The first plan for a free school in Virginia was designed for the education of the Indian youth, endowed by a donation to the London Company of nearly $14,000 in gold. After several attempts to use the money in the way specified in Southampton Hundred and Martin's Hundred, the company finally invested the entire sum in the erection of iron works from whose profits thirty Indian children were to be educated. The Indian uprising of 1622 brought an end to both the idea of the Indian School and the ironworks. The second attempt, this time to educate the white children of the colony, also ended abruptly with that same 1622 Indian uprising.
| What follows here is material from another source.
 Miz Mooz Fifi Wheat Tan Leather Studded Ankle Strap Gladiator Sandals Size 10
Bearing date of 1634 , the will of Benjamin Syms bequeaths the foundation for a free school in Virginia, the Syms Free School. This was the earliest provision for effective free education in America and precedes by at least two years the famous gift of John Harvard to the college in Massachusetts. This school was to be located in Elizabeth City County (present day Hampton, VA) and to afford free education for the children living within the bounds of “the adjoining parishes of Elizabeth City and Poquoson from Marie's Mount downward to the Poquoson River”. In 1643 the General Assembly passed a law to put the school into operation and by 1647 the school seemed to be on a firm foundation with a completed house built for the purpose. Twenty-five years later, Dr. Thomas Eaton donated five hundred acres of land, buildings, livestock, and two slaves to found the Eaton Charity School school. He stipulated that this school was to educate the poor children of the county. The school was so popular that in 1759 a statute was passed to limit attendance to only poor children at Eaton. In 1805, the two schools were merged by an act of the General Assembly and called Hampton Academy. There is considerable evidence that free schools of this type existed throughout Virginia by the beginning of the 18th Century with donors funding them in Northumberland, Isle of Wight, Lower Norfolk, Gloucester, Lancaster, and Middlesex Counties.
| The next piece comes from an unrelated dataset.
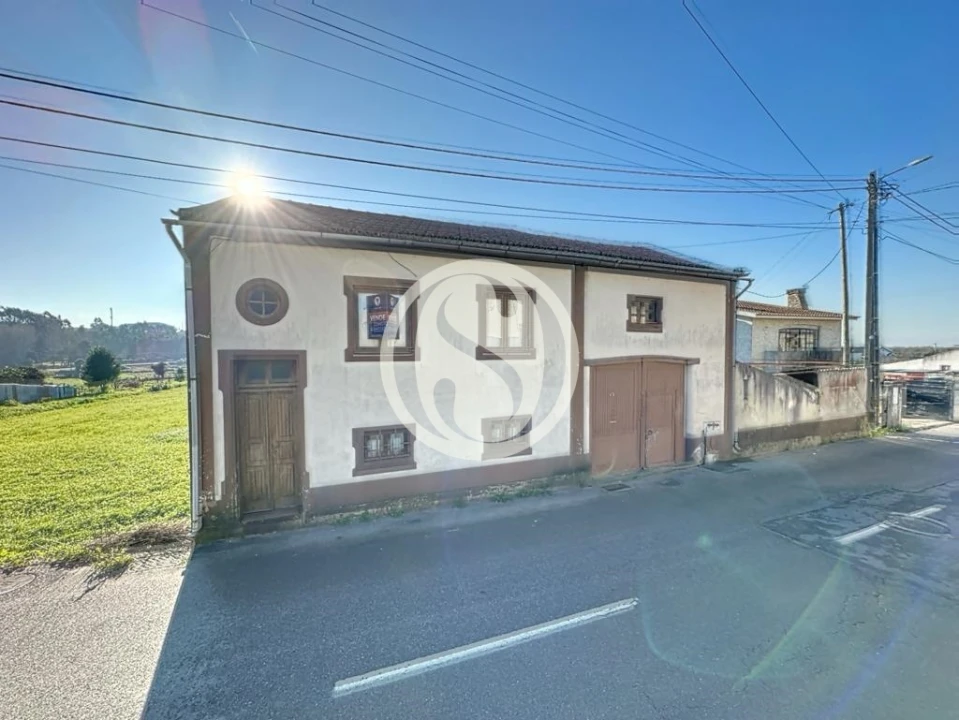 Moradia T2 para Venda em Salreu Foto 1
A surviving "oldfield" school building in NC
A surviving "oldfield" school building in NC

Community schools, later known as “Old Field Schools”, involved the heads of various families living in the same neighborhood coming together to construct a building and employ a teacher for their children at a per pupil rate. Sessions of these schools were usually held from April until September and were the largest single source of education for the majority of the children of the colony. Although there was no connection between these schools and the Church or Colonial government, other than granting of teaching licenses, many times the local clergyman of the parish or community was the teacher. This seems to have been a method for clergymen to add to their income over and above their regular salary. This only made sense since, these men had been educated at some of the best schools in England. In the absence of regular clergymen, the church “readers often performed the duties of teacher at these schools.


Finally, the Tutorial System, one of the most effective forms of instruction in England, was used by rich Planters to supply an education for their children. These private tutors very often carried their pupils into the rudiments of higher learning which served as preparation for admission into the grammar schools either in Virginia or in the mother country. Many of the rich planters, from the earliest days of the colony, sent their children to England after a period of tutorage at home.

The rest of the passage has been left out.